Following the erosion of some of the upper part of the Dawson Formation, the conglomerate of Larkspur Butte was deposited in a series of channels and broad valleys occupied by streams which drained the newly rejuvenated mountains. In the western part of the Greenland quadrangle the conglomerate of Larkspur Butte was deposited in narrowly confined, steep-walled stream valleys. These valleys became broader towards the east.
The Wall Mountain Tuff, an ignimbrite or glowing hot volcanic ash flow, was erupted in the late Eocene and poured across the landscape. This ash flow blanketed the eroded surface of the Dawson Formation and the valleys which contained the conglomerate of Larkspur Butte. Because of its great heat the ash compacted into a viscous plastic which flowed for short distances before it cooled into welded tuff. Erosional remnants of the Wall Mountain Tuff overlie the Dawson Formation on the higher buttes in the western part of the Castle Rock South quadrangle. The ash flow ponded in a depression in the east-central part of the quadrangle (sec. 27, T. 8 S., R. 66 W.) where it overlies the conglomerate of Larkspur Butte. The Castle Rock Conglomerate was deposited near the end of the Eocene in paleovalleys on an erosion surface that cuts across the upper Dawson, conglomerate of Larkspur Butte, and Wall Mountain Tuff. One of the Castle Rock paleochannels extends from the southwestern corner to the center of the quadrangle. Deposition of this conglomerate extended over most of the northeastern part of the Castle Rock South quadrangle filling a depression near the center of the Denver Basin.

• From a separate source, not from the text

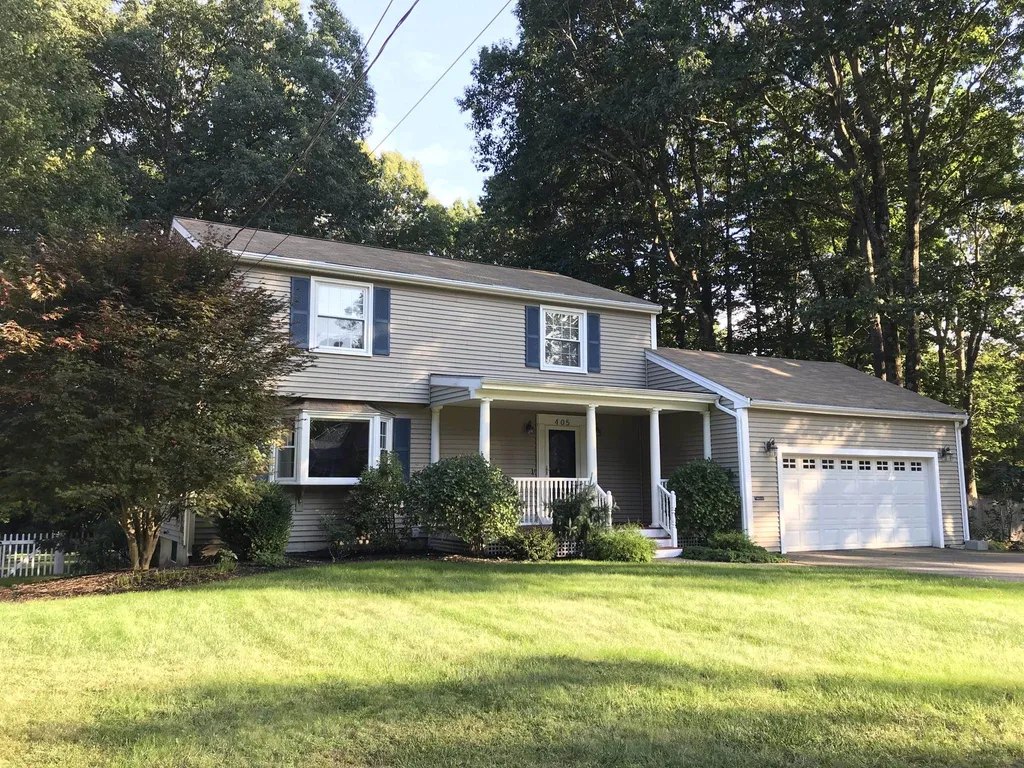 405 Grant Avenue Portsmouth NH 03801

Since the deposition of the Eocene rocks, the area experienced continued periods of erosion and deposition. During the Miocene, the Ogallala Formation was deposited across much of eastern Colorado and probably once covered the quadrangle, but has since been removed by erosion. During the Quaternary, deposits of unconsolidated sands and gravels were left in paleochannels, former flood plains along stream courses, and on various upland erosion surfaces as streams eroded the landscape.